Identifying “individual stressors” is the key to success, a counselor told South Campus students last week.

Sandra Johnson addressed the facts and causes of stress for students during her seminar sponsored by the student development center April 22.

“Recognizing what stress is and how to handle it is very important,” she said. “Stress is your physical and emotional reaction to change.”

With the end of every semester, students are faced with the pressure of what to take next and sometimes a feeling of worry or stress.

The counseling office encourages students to have a face-to-face sit down with an advisor to draw up an individual degree audit.
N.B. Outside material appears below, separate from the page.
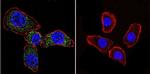 Acetylcholinesterase Antibody in Immunocytochemistry (ICC/IF)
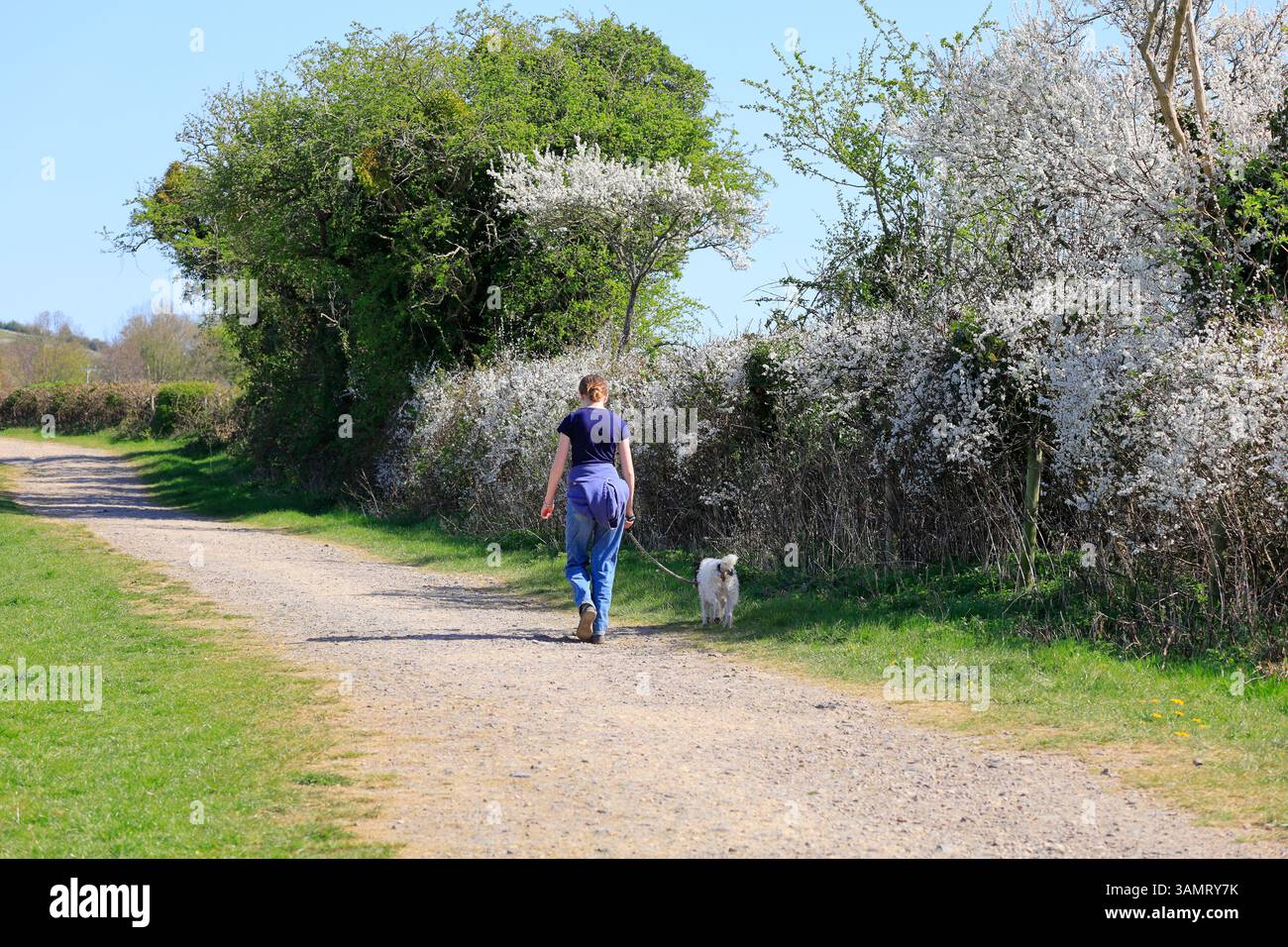 Lauferin und Hund auf dem Weg von Saltford nach Kelston bei Bristol, England, Südwestengland, Großbritannien. Aufgenommen Stockfoto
This audit is a detailed layout of exactly where students are in their degree plan and what they should take next.

“Being undeclared is the perfect place to be,” she said. “It is the exploration stage.”

Having a degree audit can be helpful and can relieve the student of the stress of registering each semester.

Johnson told students to stand up in the middle of the classroom and take a moment to stretch and relax.

This brief exercise gave a perspective on how the stressors of everyday life can cause someone to be tense and how taking a moment to “identify yourself,” Johnson said, can play an important role in relieving stress.

“Where are the stressors coming from … how are you handling these situations on a daily basis?” she asked. 

Johnson said the body is very important and how a person treats it is crucial on how it “performs” in different situations.

What one eats is the main fuel for the body. If a person eats only junk food, the body will go only so far without the proper nutrition that it needs.

“Take water with you instead of a Coke … instead of chips, take fruit,” she said. “Check out how you are eating.”

Johnson used the acronym HALT to explain how health is important and if any of these elements are present, it can cause a chain reaction of stress in one’s life. HALT stands for hungry, anger, loneliness and tired.

She also gave the TIME Module, which stands for Thermostat, Identity, Mythos, and Environment. These categories address the physical, psychological and spiritual aspects of a person’s life.

Johnson said all stress is not necessarily bad stress. If people know how to handle each stressor with a clear and positive mind, their decisions and reactions will have a better outcome.